Let’s focus on the nostalgia tonight, because so much of my reflection lately has been technology based.
When I was at school I recall the first iMac’s G3’s and then ibooks arriving into our newly created computer lab, colourful beacons that looked like the future. Our stuffy Catholic school forebode any student to touch them outside of computer class – and even in computer class, we were to sit without touching the keyboard until instructed to do so. We were taught to type using the iconic and sometimes maligned ‘Mavis Beacon Teaches Typing!’ software, and the truth is I still don’t have a strict touch typing technique, I’m a hybrid. You see, by the time we had baptised our Mac’s at St Stuffies, I was already typing at home on our computer.
For reasons which don’t quite make sense for my non-technical and non-early adopter parents (we only convinced my Dad to forgo his flip phone for an iphone 3 years ago…..) they decided to invest in a computer early – making my younger sibling and I among the first in our classes to have a computer. Luckily for me; my bedroom was closest to the phone line, so I was able to house the new technology just metres from my bed.
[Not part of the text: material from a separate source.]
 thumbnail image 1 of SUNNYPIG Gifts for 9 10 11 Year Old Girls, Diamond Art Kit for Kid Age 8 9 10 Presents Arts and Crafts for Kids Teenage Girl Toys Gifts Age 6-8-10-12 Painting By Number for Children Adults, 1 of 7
The dial-up cable snaked across the hallway, connecting the phone line to the hard-drive, and in doing so, connected me to the world.
As many will attest, the sound of a dial-up modem will either feel like nails on a chalk board or like something wonderous. For me, it was the latter. A comforting sound that felt like infinite possibility. Those screeches and stuttered crackles with the lag and wait before finally…..finally….the World Wide Web was at your fingertips was magical and it stirs something in me now just thinking about it.
Google was the wild west though, a seemingly innocuous search term to lead to many NSFW results – if my parents knew what was sometimes seen no doubt they would’ve literally pulled the plug.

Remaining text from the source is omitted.